[Stored data]

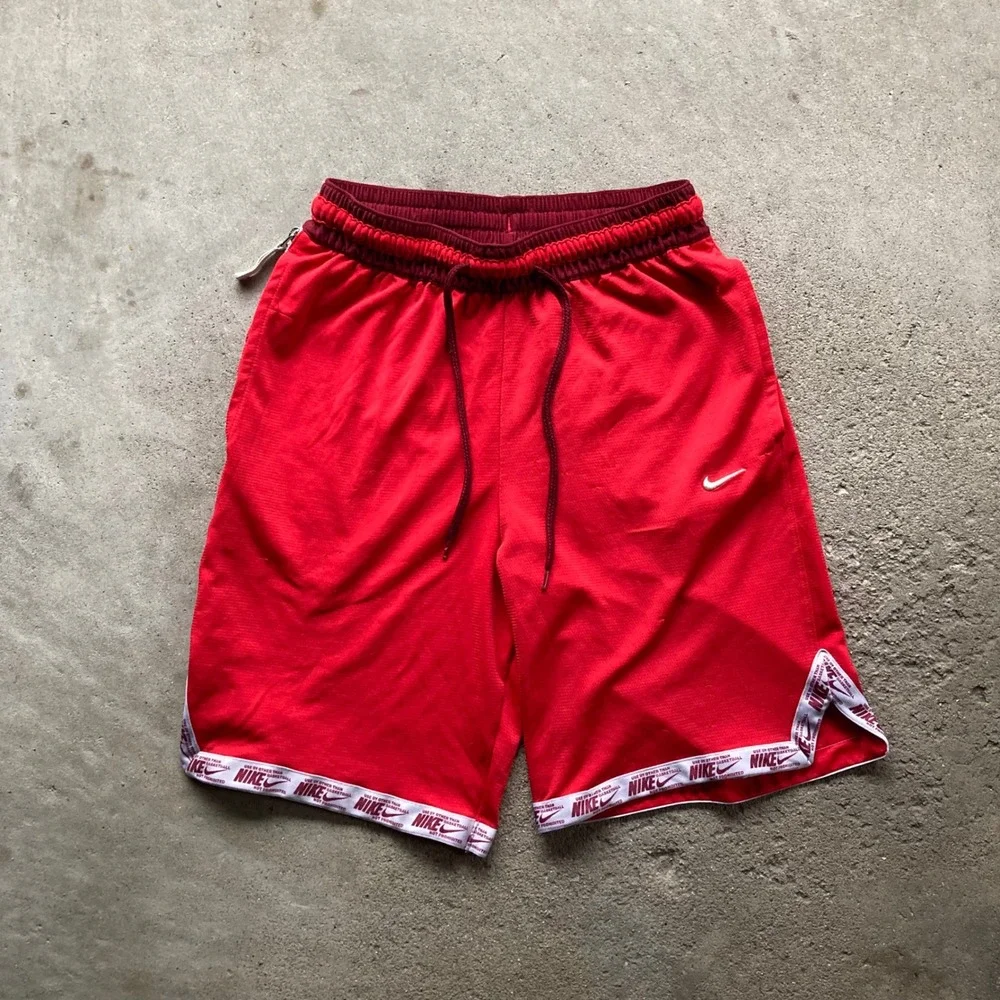 2000s red nike dri-fit basketball shorts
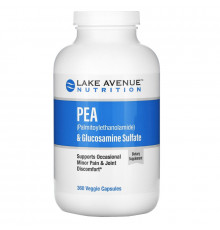 Lake Avenue Nutrition, PEA (Palmitoylethanolamide) + Glucosamine Sulfate, 600 mg + 1,200 mg Per Serving, 360 Veggie Capsules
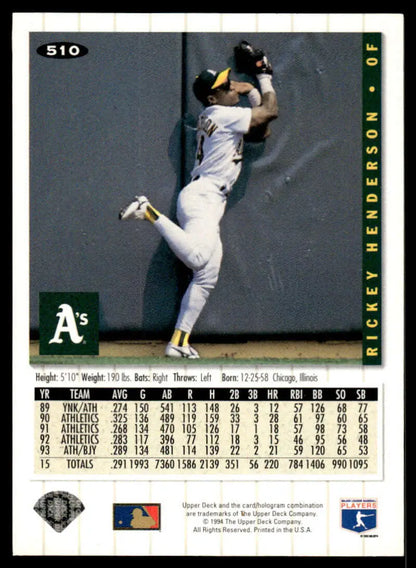 Rickey Henderson leaps for a catch in an Oakland Athletics baseball uniform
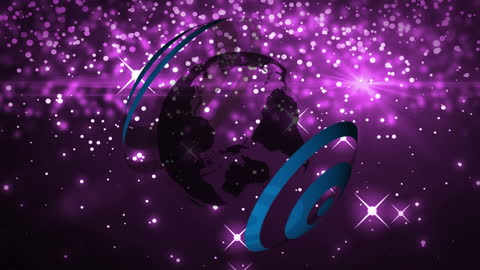 Abstract Digital Galaxy with Floating Globe and Circles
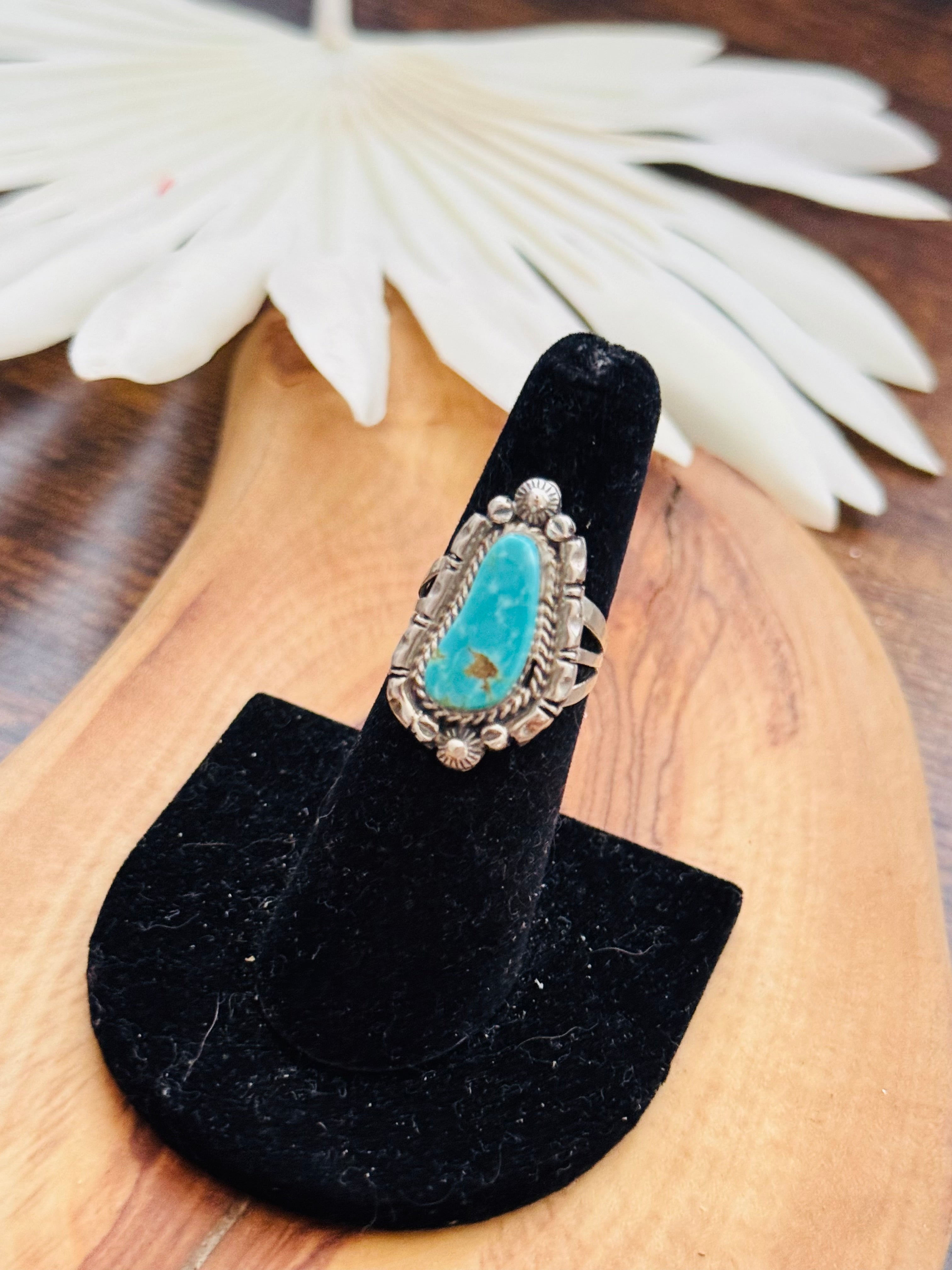 Navajo Made Kingman Turquoise & Sterling Silver Ring Size 5.75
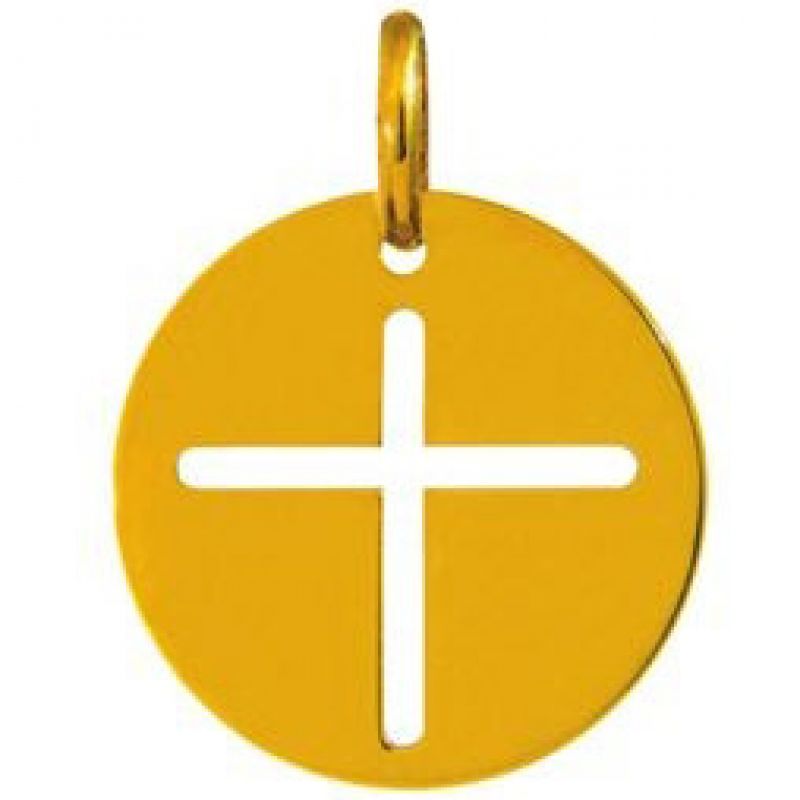 Médaille ronde croix 16 mm ajourée (or jaune 750°) Maison Augis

[/Stored data]

## Activity
Pictures are skipped here. Print exactly, and only, the lines from the one holding "Rickey Henderson leaps" through the final line of the material above, both ends included.

## Expected answer
 Rickey Henderson leaps for a catch in an Oakland Athletics baseball uniform
 Abstract Digital Galaxy with Floating Globe and Circles
 Navajo Made Kingman Turquoise & Sterling Silver Ring Size 5.75
 Médaille ronde croix 16 mm ajourée (or jaune 750°) Maison Augis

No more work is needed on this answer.